Demonetisation is likely to give the government a fiscal windfall of ₹2.5-lakh crore or more. But, for the RBI, the exercise will lead to a net loss of seigniorage of ₹2,800 crore.

Seigniorage is the difference between the value of money and the cost to produce and distribute it.

An internal research by State Bank of India states that going by the experience of the 1978 demonetisation, there may be a cash payout against the extra notes printed by the RBI to the government.

As the RBI will issue notes only against the old ones, there has to be a decline of an equivalent amount from the RBI’s asset side/cash payouts.

The notes issued by the RBI appear on the liability side of its balance-sheet. The central bank creates a corresponding entry on the asset side by investing in foreign currency assets abroad (in US treasuries) in lieu of such currency holdings.
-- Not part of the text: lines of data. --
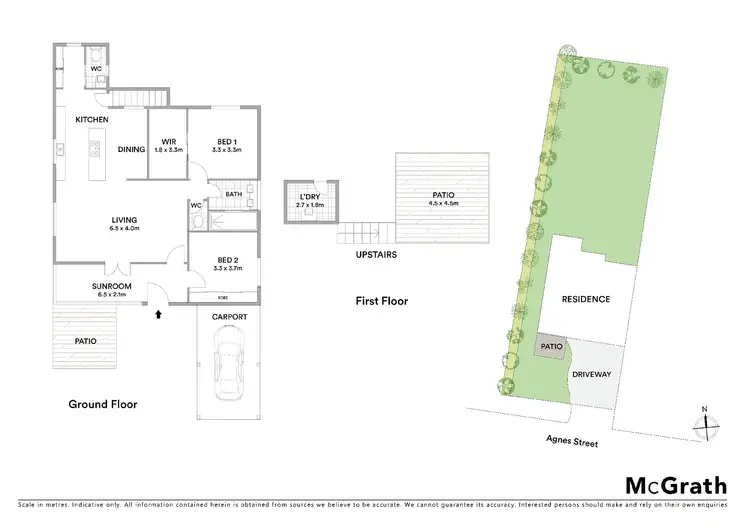 Floorplan of Homely house listing, 338 Agnes Street, The Range QLD 4700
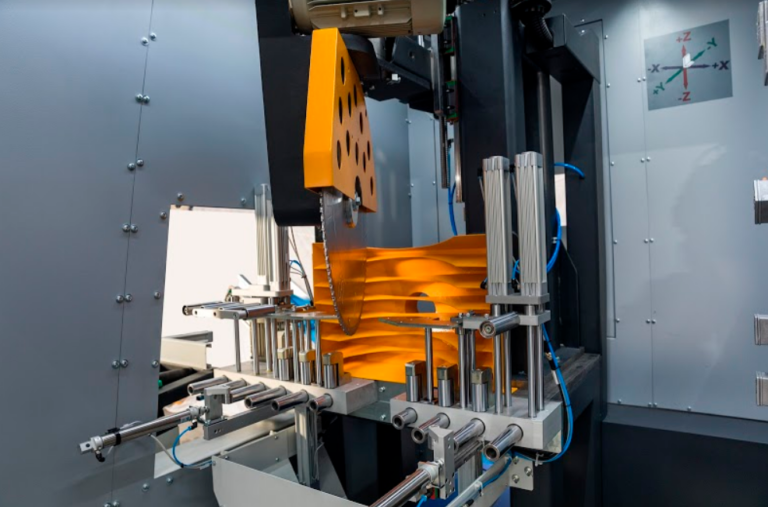 PIM 6509 - 8 Axis Machining Centre - Image 4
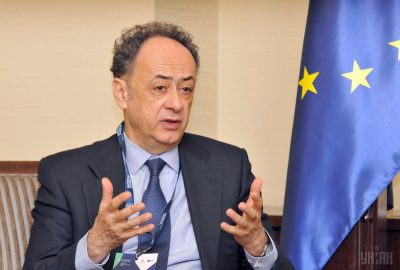 Head of the Delegation of the European Union to Ukraine / Photo from UNIAN Head of the Delegation of the European Union to Ukraine / Photo from UNIAN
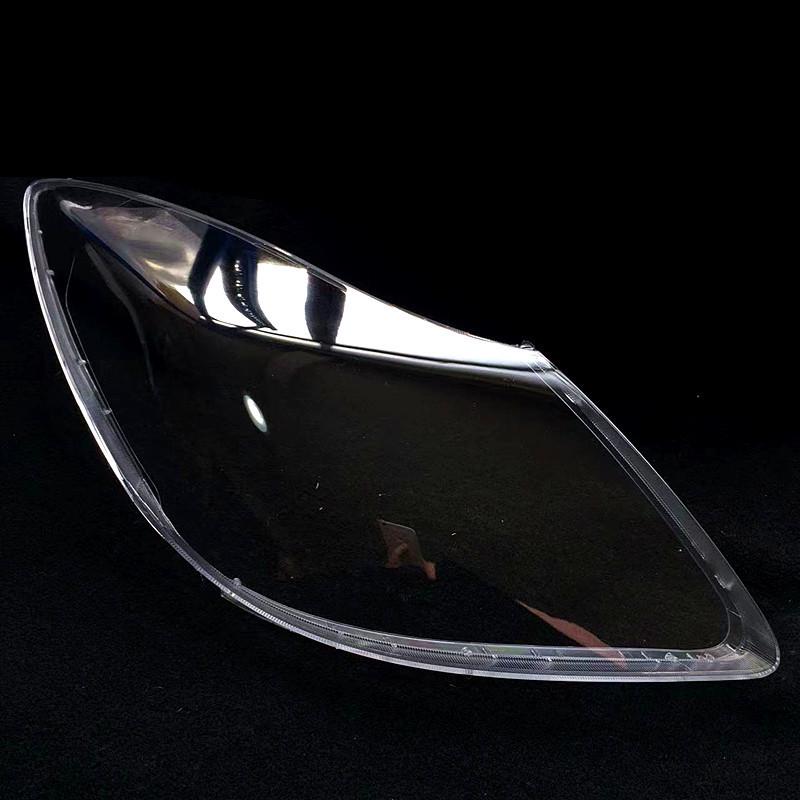 07-12 Hyundai Veracruz Headlight Lens Cover - Transparent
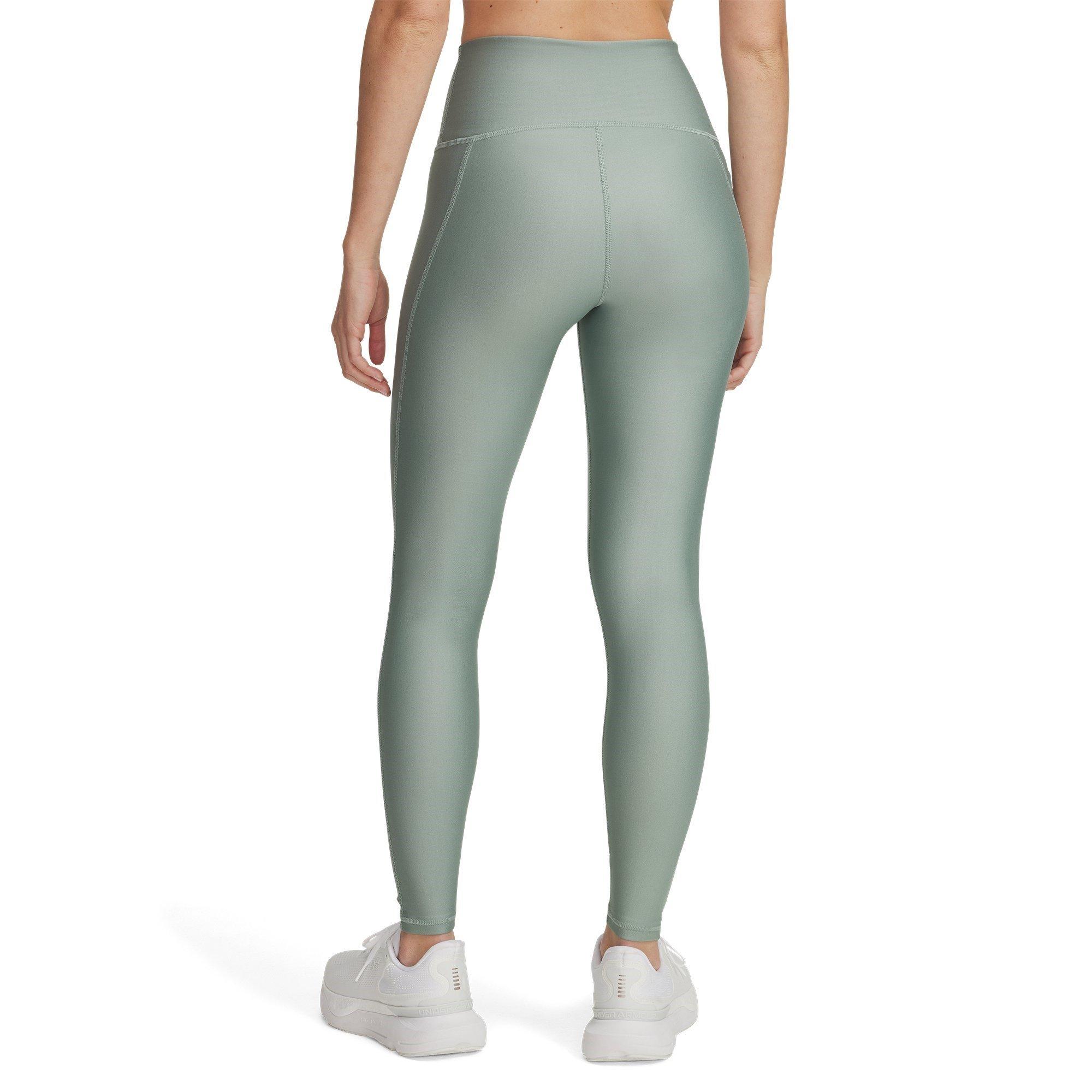 Under Armour HeatGear® No Slip Waistband Full Length Leggings Womens
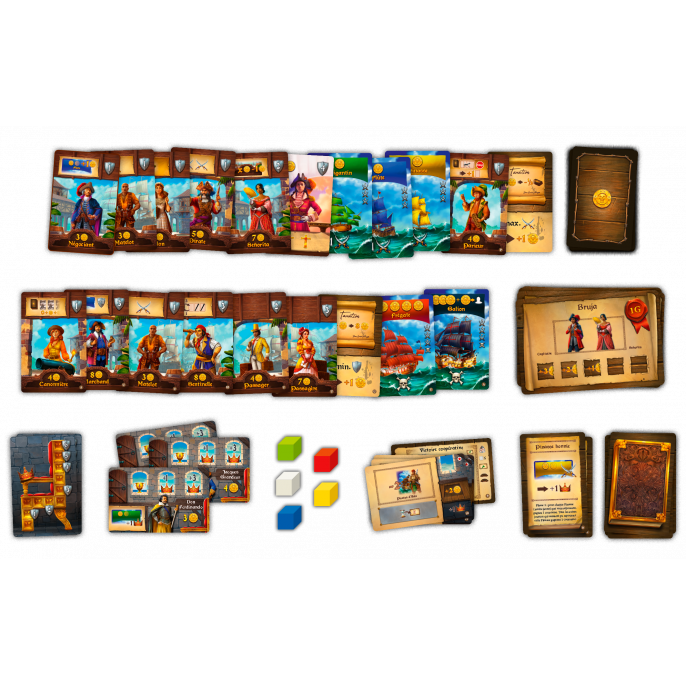 Port Royal : Big Box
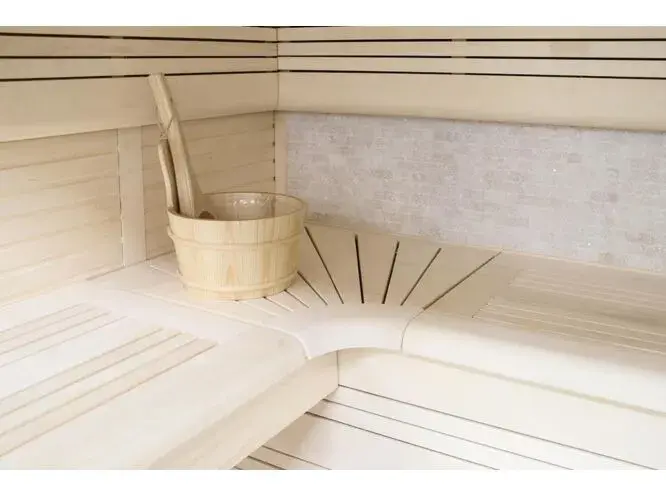 Thumbnail: Sauna Luxor Indoor Traditional Sauna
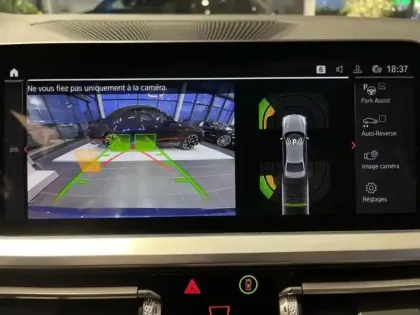 Photo 14 BMW Serie 3 Série 3 318dA 150ch M Sport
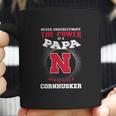 Fanprint Nebraska Cornhuskers Coffee Mug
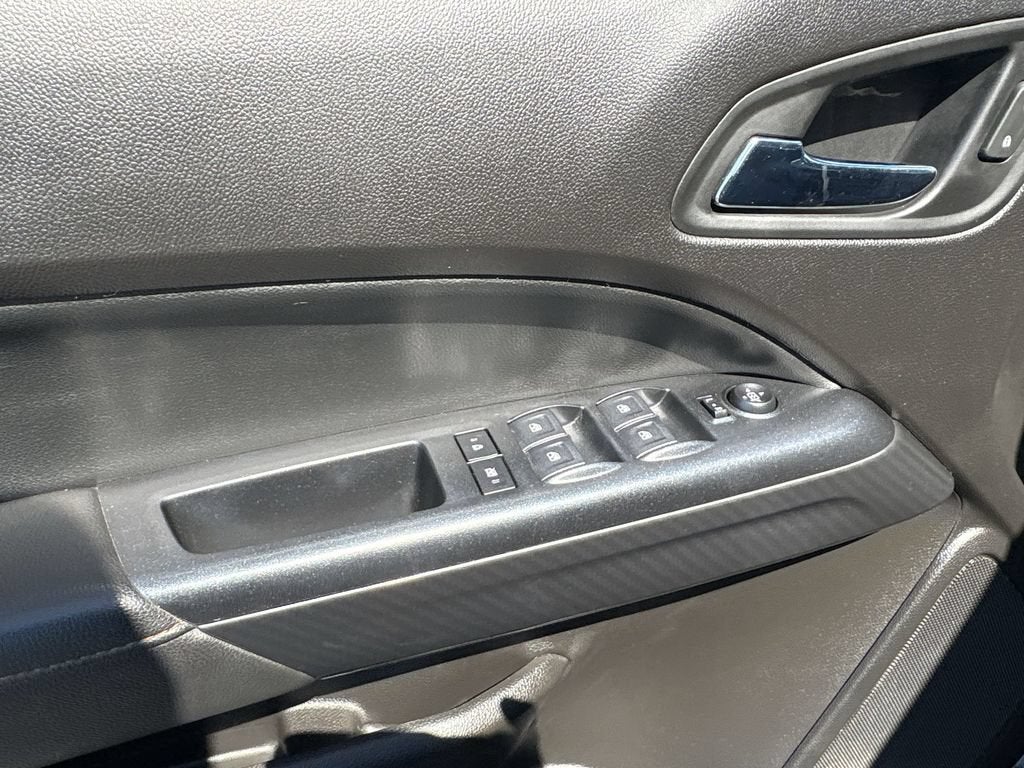 2021 GMC Canyon 4WD AT4 w/Leather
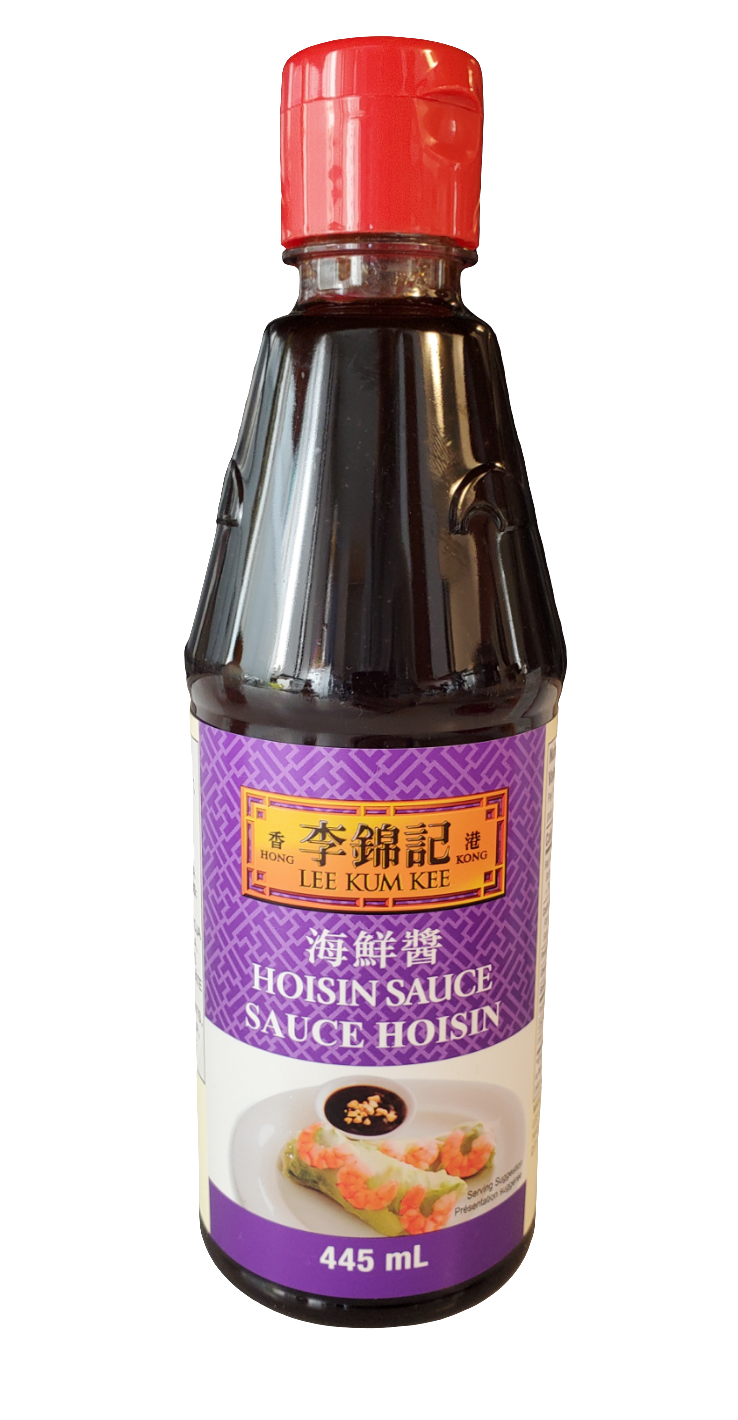 Bouteille sauce hoisin Lee Kum Kee 445ml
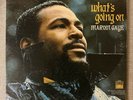 Marvin Gaye Whats Going On LP Vinyl VG Motown Tamla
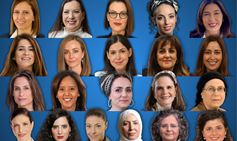 חברות כנסת ושרות | התמונות מ-Wikimedia Commons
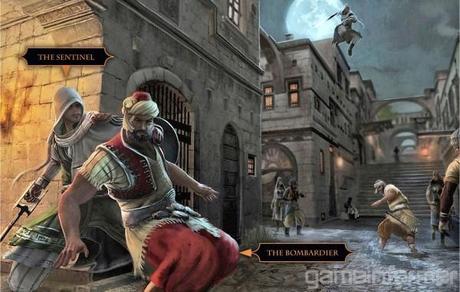Assassin’s Creed Revelations, la Beta multiplayer ad inizio settembre sarà esclusiva PSN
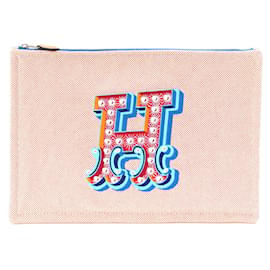 Pochette Hermès Yachting GM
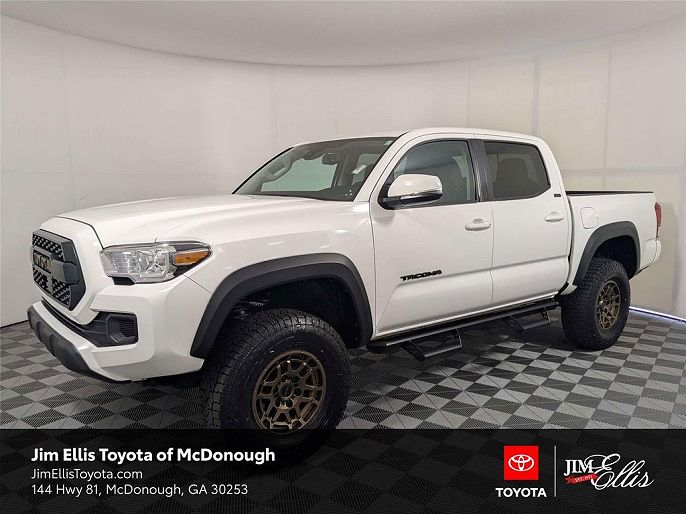 2023 Toyota Tacoma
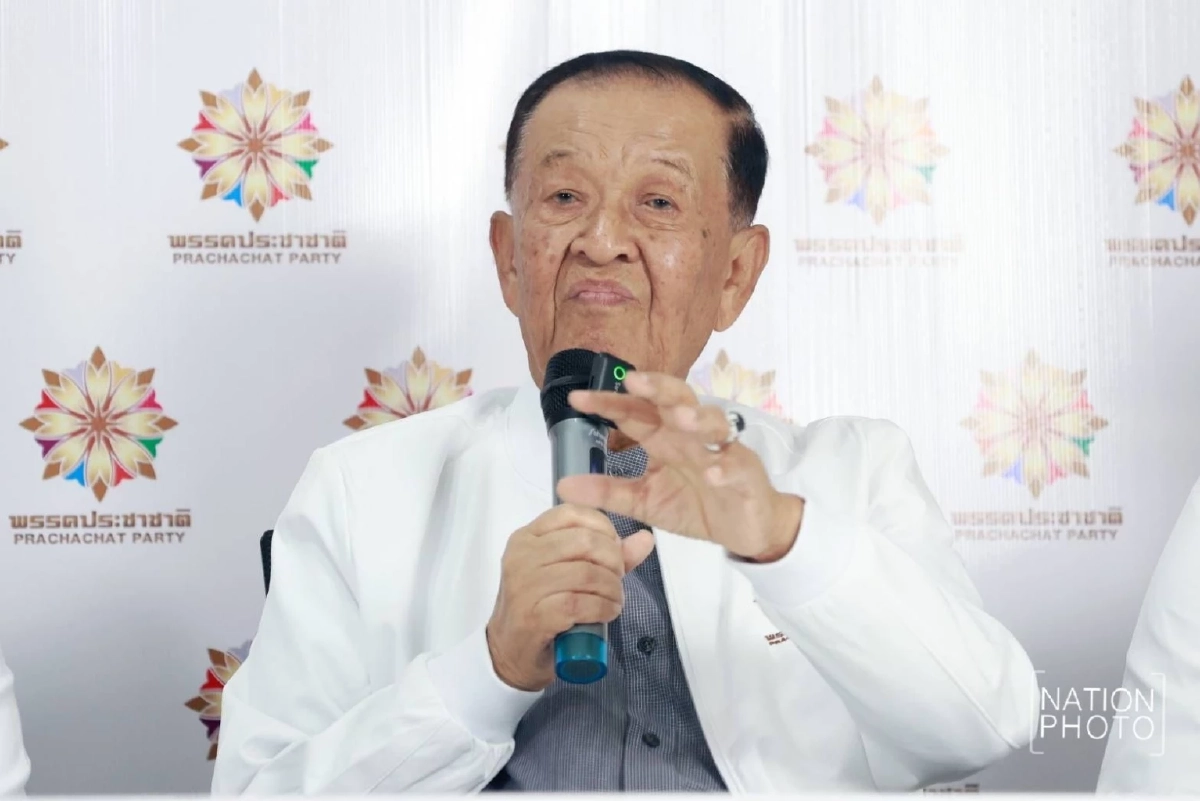 'ประชาชาติ' จ่อส่งผู้สมัคร สส. 15 เขตภาคใต้ ชูคนดีสู้เงินเทา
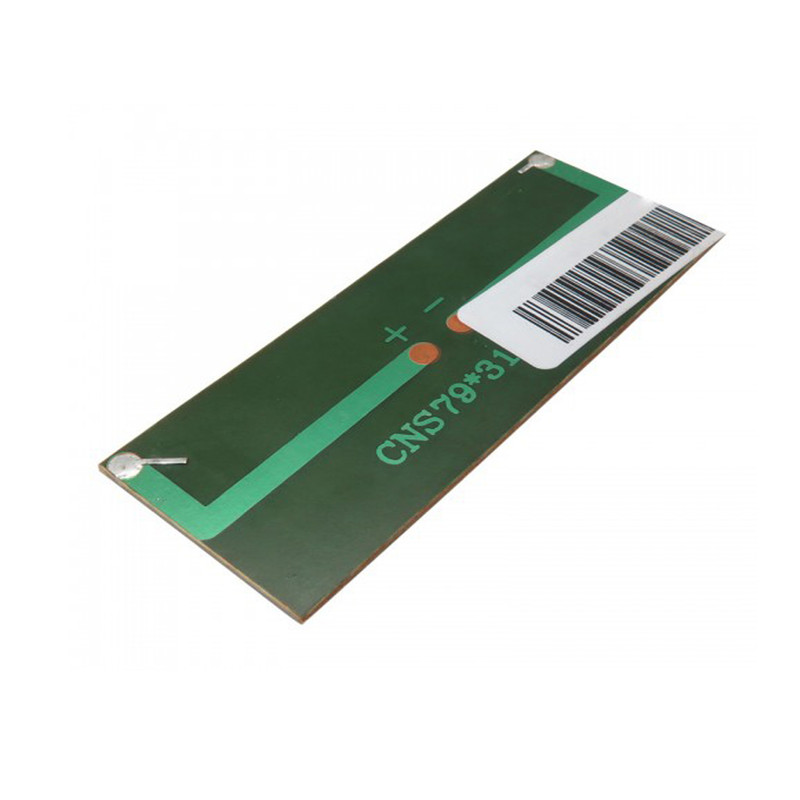 پنل خورشیدی کد 793 ظرفیت 0.2 وات مجموعه 5 عددی پنل خورشیدی کد 793 ظرفیت 0.2 وات مجموعه 5 عددی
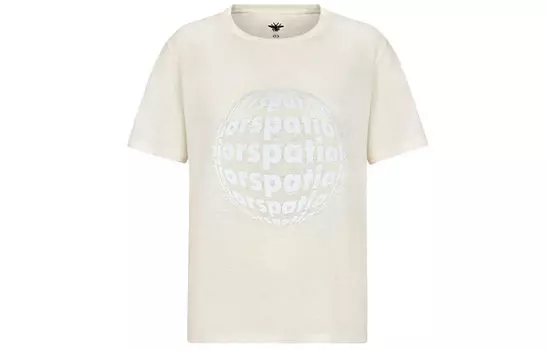 Футболка женская Dior Quarterly New Products, бежевый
The investment income generated in turn is ploughed back to the government through dividend income, among others. The RBI is expected to transfer this windfall to the government over time, the study said, adding that: “Such amount may be at least ₹2.5-lakh crore, but with a significant upward bias.”

No return

There is a possibility of about 25 per cent of the existing notes not being exchanged at all as people are resorting to various ways to get rid of stashed cash.

As on March 2016, the total value of ₹500 and ₹1,000 denomination notes stood at ₹14.18-lakh crore, of which, ₹2.5-lakh crore or more may come back into the system.

“Hence, burning them is the quickest way to get rid of these notes and the process has reportedly begun in Uttar Pradesh,” the study said.